十二支は12日周期で巡ってくるため、母倉日はひと月に4〜10回ほど訪れます。天赦日(年5〜6回)と比べるとかなり頻度が高く、一粒万倍日(ひと月4〜7回)に近い感覚で付き合える吉日です。

この対応表には暦書や解説サイトによる表記の揺れがあり、当サイトでは節切りの判定を「節入り日はその日全体を新しい節月に含める」規則(当日24:00・日本時間の太陽黄経による機械判定)で統一しています。判定方法の詳細はこのサイトについてで公開しており、2026年・2027年の全母倉日を公開2系統の暦情報と突合して算出基準を検証済みです。今月・来月の母倉日は吉日カレンダーの月別ページでバッジ表示しています。

母倉日にやると良いとされていること

「母のように慈しむ日」という由来から、人との関係を結ぶ・育む行事全般に向いているとされます。
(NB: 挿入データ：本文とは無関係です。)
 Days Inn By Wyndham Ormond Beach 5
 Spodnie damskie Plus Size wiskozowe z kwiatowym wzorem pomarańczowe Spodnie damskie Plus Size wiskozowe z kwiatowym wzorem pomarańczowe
  • 結婚式・披露宴・入籍 — 母倉日の代表的な使われ方
  • 出産・命名・お宮参り — 命に関わるお祝い事との相性が良いとされる
  • 引っ越し・新居への入居 — 新しい暮らしの始まりを見守ってもらう意味合い
  • 契約・開店・開業 — 「何事にも吉」とされることから
  • お見合い・顔合わせ — 人と人を結ぶ場に良いとされる

天赦日や一粒万倍日と違って「これをすると財が増える/減る」といった損得の言い伝えが薄く、もっぱら「人との関係を大切にする日」として使われてきたのが母倉日の特徴です。

凶日と重なったら?

母倉日が仏滅や不成就日と重なることもあります。この場合の解釈は流派によって分かれ、「母倉日の慈しみの力が凶を和らげる」とする説もあれば、「単純に吉凶が並存する」とする説もあります。当サイトでは特定の解釈を断定せず、吉日カレンダーに六曜・不成就日とあわせて母倉日のバッジを表示し、判断材料をそのまま提供する方針をとっています。

天赦日・一粒万倍日との違い

同じ「婚姻に良いとされる吉日」でも、それぞれ由来と頻度が異なります。

吉日 由来のイメージ 年間の目安
天赦日 天がすべての罪を赦す日 年5〜6回
一粒万倍日 一粒の籾が万倍に実る日 年60〜80回程度
母倉日 母が子を慈しむように天が人を慈しむ日 年70〜72回程度

頻度だけを見ると一粒万倍日に近い母倉日ですが、「お金にまつわる吉日」の一粒万倍日に対し、母倉日は「人との関係にまつわる吉日」という色合いの違いがあります。結婚や入籍の日取りで両方が重なる日を選ぶ人も少なくありません。

まとめ

母倉日は「母が子を慈しむように天が人を慈しむ日」とされる吉日で、節切りの月と日の干支の組み合わせにより年70回前後訪れます。結婚・入籍・出産など人との結びつきに関わるお祝い事との相性が良いとされ、天赦日や一粒万倍日と並ぶ「七箇の善日」の一つに数えられます。今月の母倉日は吉日カレンダーでいつでも確認できますので、大切な日取りを考える際の目安にしてみてください。